SABOURIN, JEAN-GUY, Une fenêtre sur la modernité. Les Apprentis- Sorciers (1955-1968), Montréal, VLB Éditeur, 2003, 164 pp., ill.

SYLVAIN SCHRYBURT

De sa fondation en 1955 à sa soudaine disparition en 1968, la troupe amateur (ou semi-professionnelle) des Apprentis-Sorciers fut sans contredit l’une des plus novatrices, je dirais même l’une des plus essentielles de son temps. C’est elle qui, au Québec, défendit avec le plus d’ardeur le répertoire contemporain, jouant tour à tour Ionesco, Adamov et Beckett, Brecht et Ugo Betti. Elle travailla également à la création de textes québécois, proposant à La Boulangerie ou ailleurs des oeuvres de Félix Leclerc, de Yerri Kempf, de Robert Gurik ou de Pierre Perrault. On lui doit également la défense d’un répertoire à facture plus classique mais trop souvent ignoré (Kleist, Ghelderode, Lorca) et, ce qui est moins connu, d’avoir présenté de nombreuses productions pour enfants à une époque où le théâtre était avant tout une affaire d’adultes. L’importance historique des Apprentis-Sorciers ne fait aucun doute. On ne pouvait donc que saluer la parution chez VLB Éditeur d’Une fenêtre sur la modernité. Les Apprentis-Sorciers (1955-1968), ouvrage au titre ambitieux rédigé par l’homme de théâtre, professeur et co-fondateur de la troupe Jean-Guy Sabourin.

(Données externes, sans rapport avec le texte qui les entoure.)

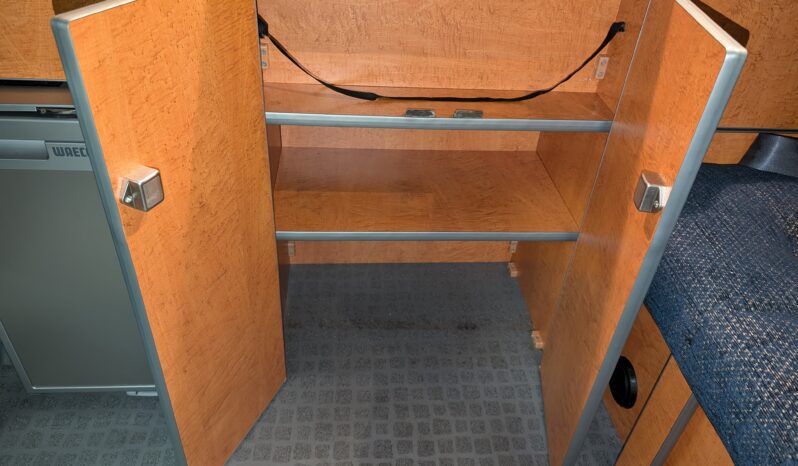 WELLHOUSE LEISURE TOYOTA GRANVIA HIGH TOP CAMPERVAN 2.7 PETROL AUTO WITH LPG full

Disons-le franchement, si l’on retire les deux annexes, c’est-àdire l’utile et imposante théâtrographie et les quelque 40 pages de témoignages mi-nostalgiques mi-apologétiques rédigés par 15 collaborateurs de la troupe (anonymes à l’époque), le corps de l’ouvrage se résume à un maigre 95 pages au nombre desquelles il faut encore retrancher 17 pages d’articles de journaux reproduits sans aucune référence bibliographique. On ne peut s’empêcher de penser que 80 pages c’est bien peu pour retracer l’histoire d’une troupe aussi importante que celle des Apprentis-Sorciers...

Ce qui souffre ici ce n’est pas tant la petite histoire, amplement détaillée avec ses changements de locaux, ses roulements de personnel et sa suite quasi ininterrompue de succès critiques, mais bien la grande, celle dans laquelle s’inscrivent tout naturellement les activités de la troupe. Car l’époque des Apprentis-Sorciers fut aussi celle d’un milieu théâtral - et d’une société - en pleine révolution, celle où présenter un tel répertoire ne se résumait pas à une simple question de goût mais impliquait une prise de position par rapport aux esthétiques dominantes, voire même un geste politique dans le contexte de la société québécoise des années 1950 et 1960. Or, de cette toile de fond pourtant nécessaire à la pleine compréhension de ce que fut les Apprentis-Sorciers, il n’est guère question dans ce livre, ou peu s’en faut. On peut déplorer par exemple la brièveté des développements touchant aux divergences esthétiques qui se firent sentir au sein des membres de la troupe, divergences qui menèrent pourtant à la scission du groupe et à la naissance des Saltimbanques à l’été 1962. Évitant la polémique au profit du consensuel, préférant le récit hagiographique à la réflexion critique, l’événementiel à la contextualisation, l’auteur reste malheureusement à la surface des choses. Plus de 35 années après les événements dont il témoigne, on aurait aimé avoir droit à davantage de distance dans l’analyse, à plus d’ampleur dans le propos. Sans doute Une fenêtre ouverte sur la modernité plaira-t-il à l’amateur de théâtre, mais il laissera le chercheur avec le sentiment que l’histoire des Apprentis-Sorciers, l’histoire dans son sens premier d’enquête critique, reste encore à faire.

À l’évidence, et cela malgré le titre de l’ouvrage, ce n’était pas là le projet de l’auteur. Reste alors ce témoignage d’une lecture agréable, bien documenté et amplement illustré, où l’on puisera volontiers une mine d’informations factuelles et où l’on suivra, non sans intérêt, la chronologie des événements qui ont jalonnés le parcours de cette troupe incontournable.

Signalons cependant que l’on trouvait déjà des éléments de cette histoire dans HÉTU, Lise, Les Apprentis-Sorciers, troupe de théâtre amateur, Université de Montréal, mémoire de maîtrise, août 1980, 242 pp., ill. Ce mémoire fut publié dans une version remaniée mais sans la bibliographie et la théâtrographie exhaustives qu’il comportait : Les Apprentis-Sorciers dans La Grande réplique, no12, 1981, 79 pp, ill.